Source records.
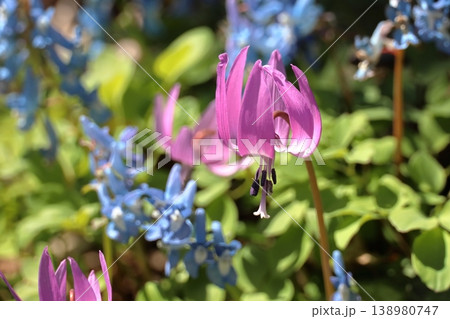 北国の春を告げるカタクリとエゾエンゴサクの共演 浦臼神社 4月 北国の春を告げるカタクリとエゾエンゴサクの共演 浦臼神社 4月 138980747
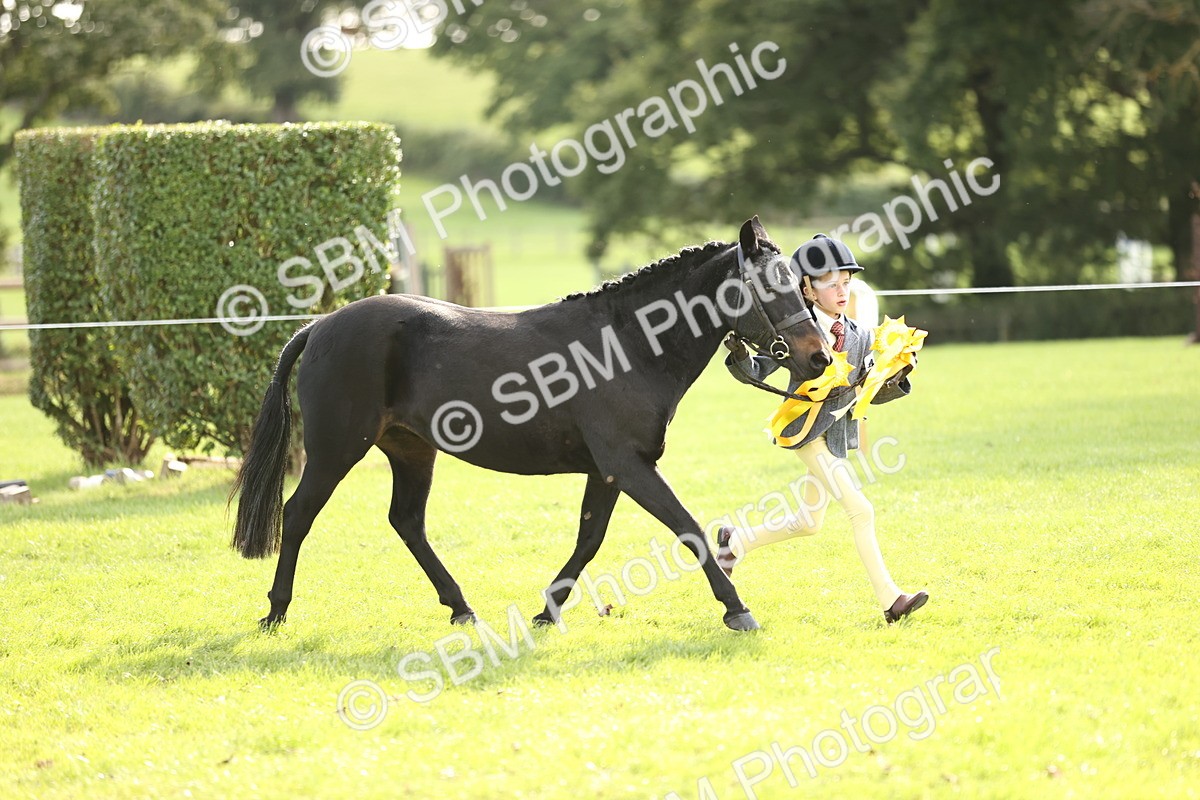SBM_26312 - S5 - Novice & Newcomers In Hand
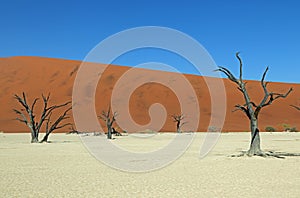 Deadvlei in Naukluft Park in de Namib Desert in Namibia photo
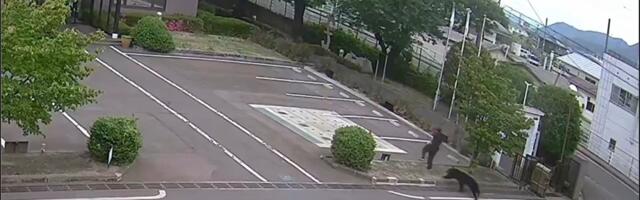 Medved napao četiri osobe! Zver i dalje na slobodi: Vlasti razmatraju uvođenje vanrednog stanja (FOTO/VIDEO)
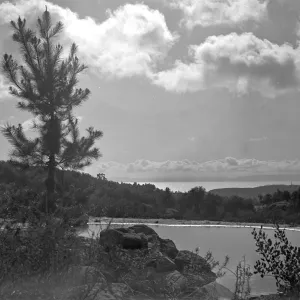Mountain lake at north end of meadow with view to Santa Cruz Island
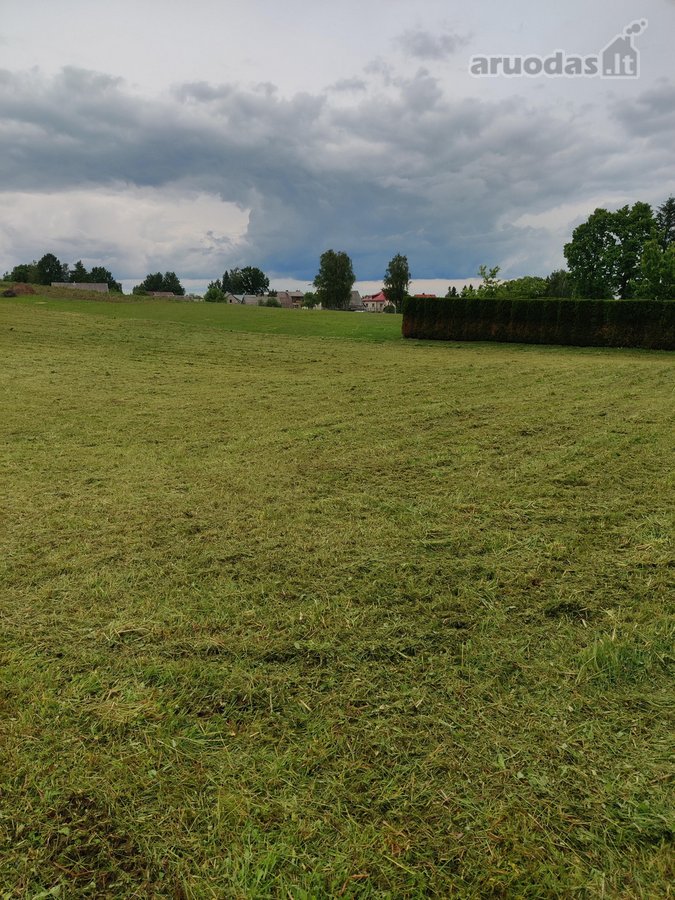 Parduodama sodyba Naudvario km. 2km nuo - nuotraukos Nr. 7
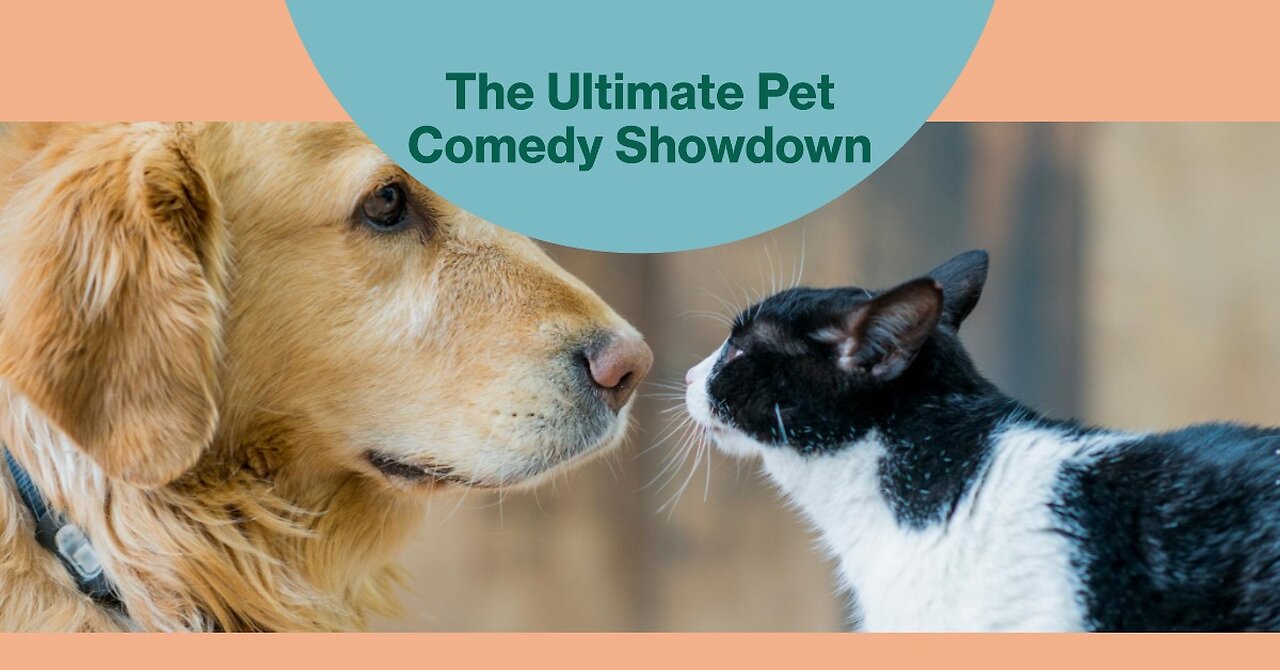 Whiskers vs Wagging Tails The Comedy Clash of Pets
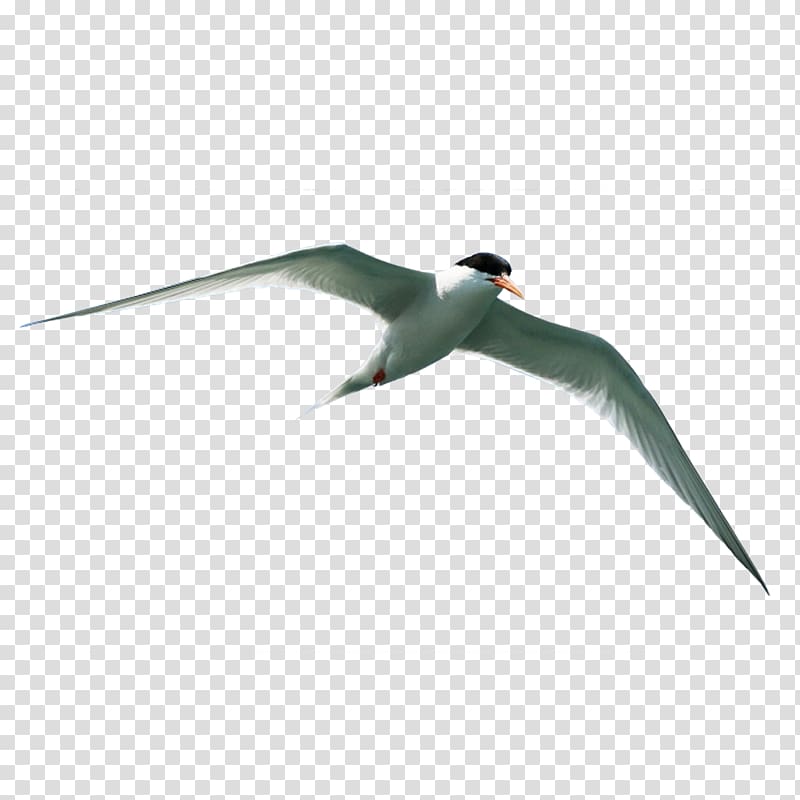 Bird Flight , Flying bird material transparent background PNG clipart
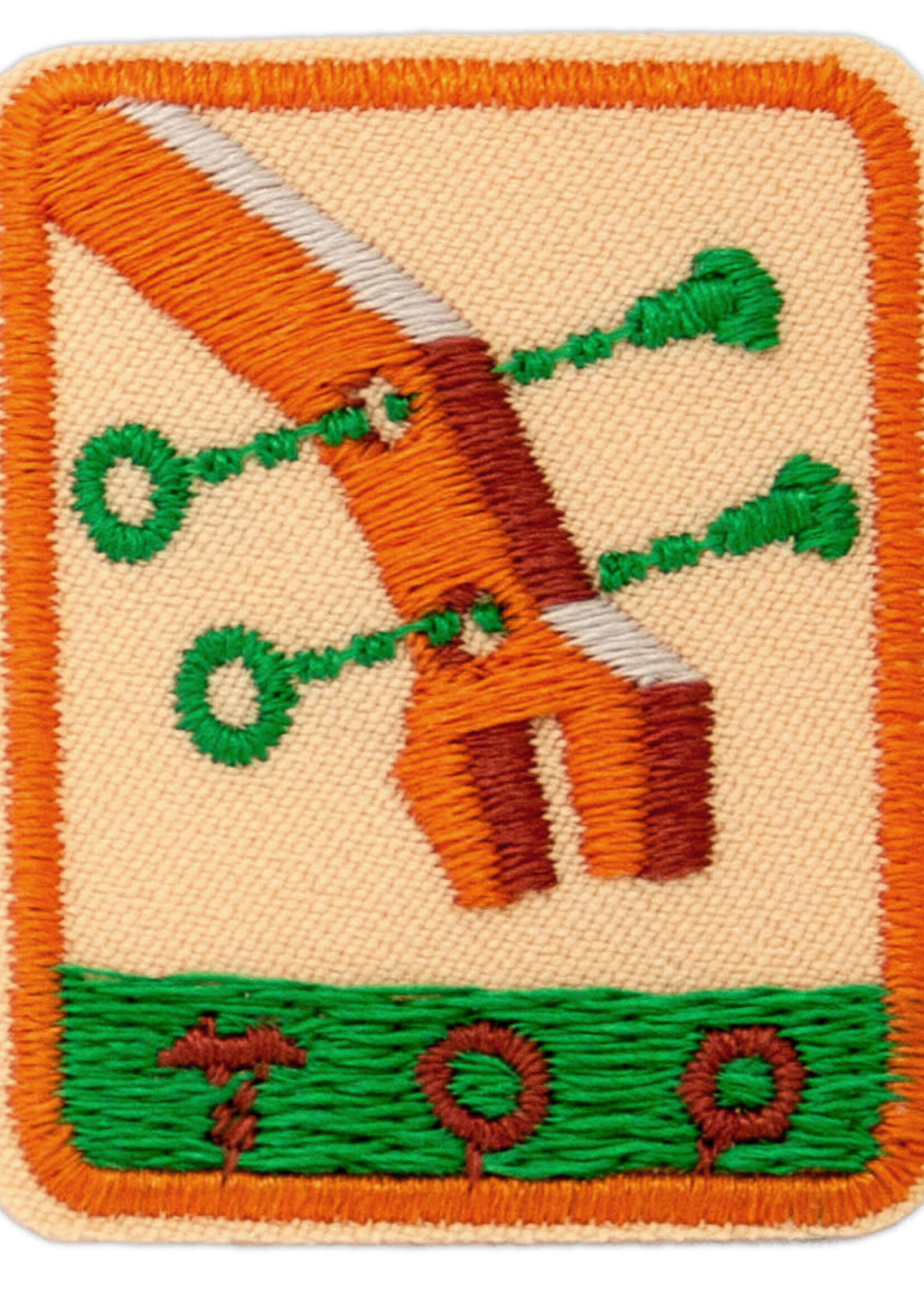 Senior Designing Robots Badge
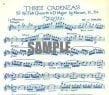 Cadenzas to Mozart Concerto 2 in D (K314/285d)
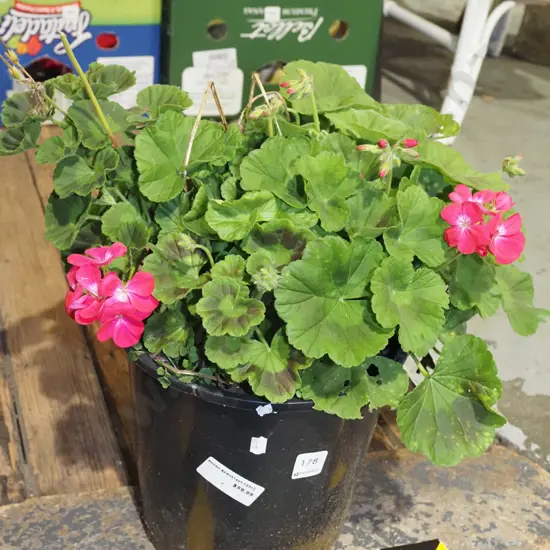 potted geranium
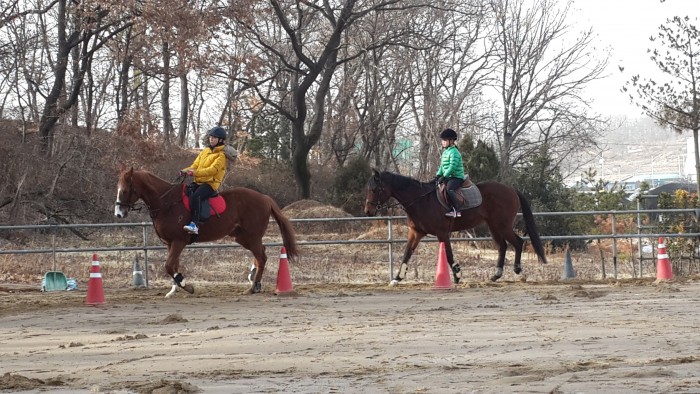 20150222_155306.jpg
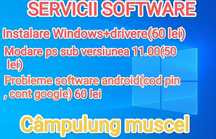 servicii software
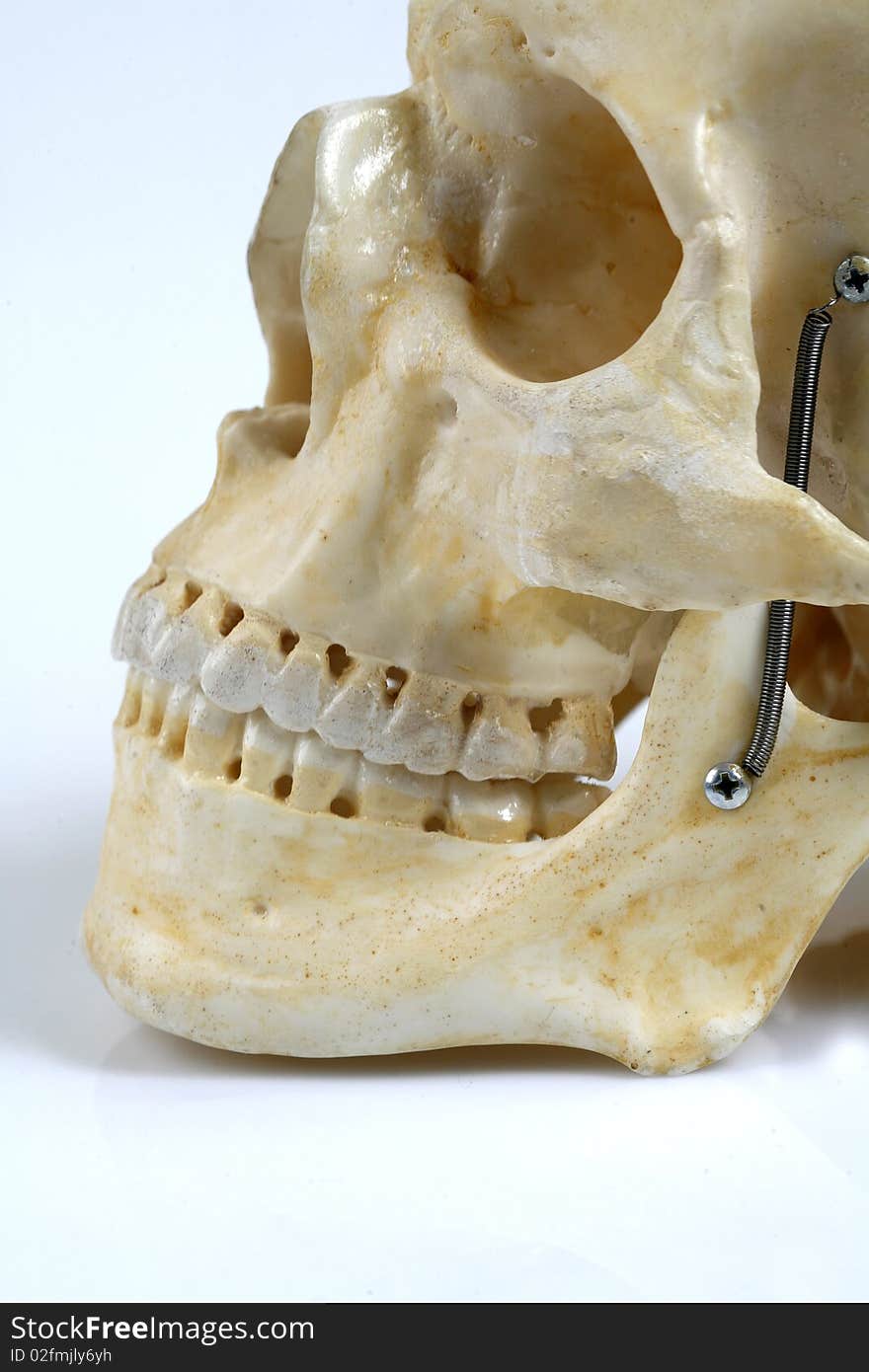 The image of a human head model construction. The image of a human head model construction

YOUR GOAL. Set down each entry above exactly as it appears. Omit the pictures.

RESULT OF THE TASK.
 北国の春を告げるカタクリとエゾエンゴサクの共演 浦臼神社 4月 北国の春を告げるカタクリとエゾエンゴサクの共演 浦臼神社 4月 138980747
SBM_26312 - S5 - Novice & Newcomers In Hand
 Deadvlei in Naukluft Park in de Namib Desert in Namibia photo
 Medved napao četiri osobe! Zver i dalje na slobodi: Vlasti razmatraju uvođenje vanrednog stanja (FOTO/VIDEO)
Mountain lake at north end of meadow with view to Santa Cruz Island
 Parduodama sodyba Naudvario km. 2km nuo - nuotraukos Nr. 7
 Whiskers vs Wagging Tails The Comedy Clash of Pets
 Bird Flight , Flying bird material transparent background PNG clipart
 Senior Designing Robots Badge
 Cadenzas to Mozart Concerto 2 in D (K314/285d)
 potted geranium
 20150222_155306.jpg
 servicii software
 The image of a human head model construction. The image of a human head model construction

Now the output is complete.